▸ **Information supplied**:
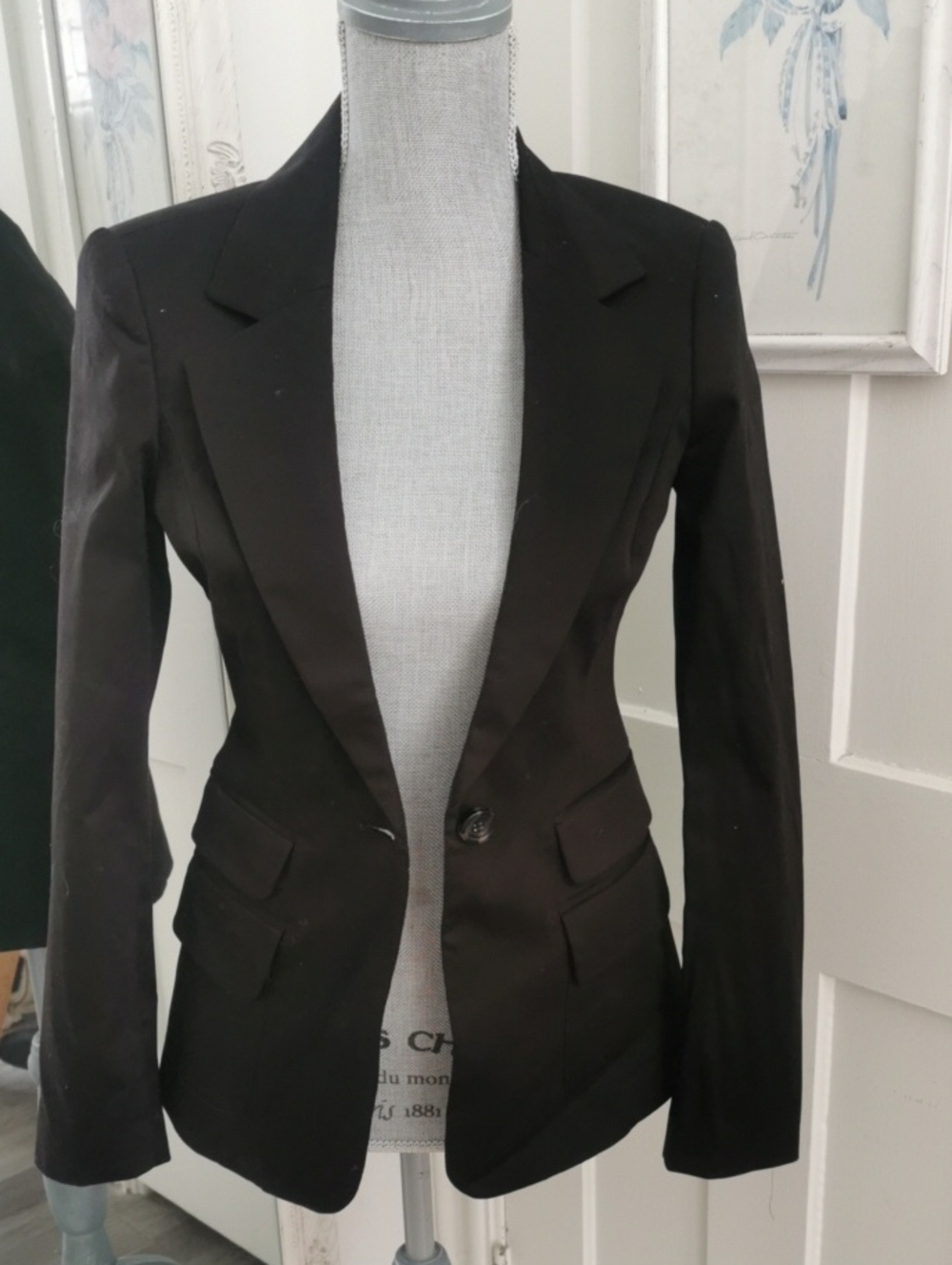 GUESS Women's Black Single-Button Tailored Classic Career Chic Blazer. Size 4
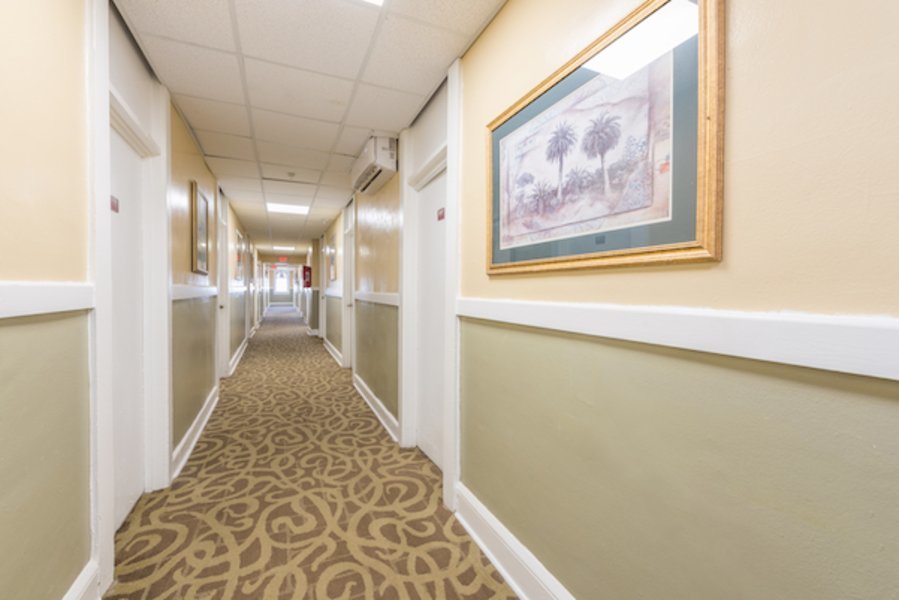 Colonial Assisted Living at West Palm Beach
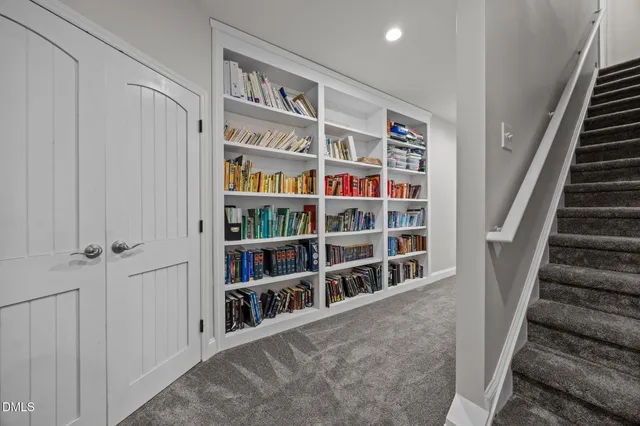 $1,300,000 | 724 Peninsula Forest Place, Cary, NC 27519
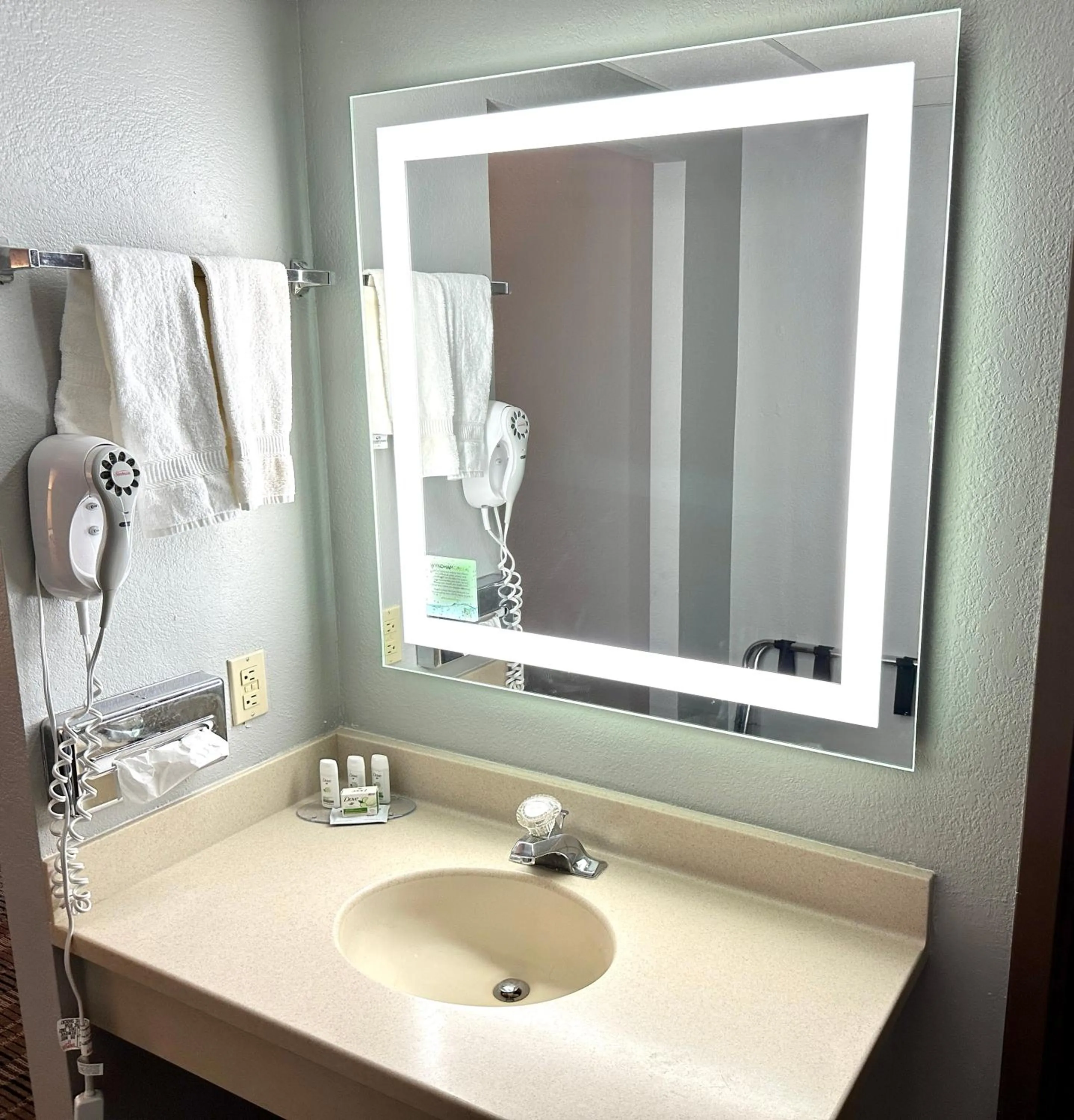 Bathroom in Clarion Hotel and Convention Center Baraboo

▸ **Action item**: Without any pictures, repeat the listing exactly.

▸ **Problem solution**:
 GUESS Women's Black Single-Button Tailored Classic Career Chic Blazer. Size 4
 Colonial Assisted Living at West Palm Beach
 $1,300,000 | 724 Peninsula Forest Place, Cary, NC 27519
 Bathroom in Clarion Hotel and Convention Center Baraboo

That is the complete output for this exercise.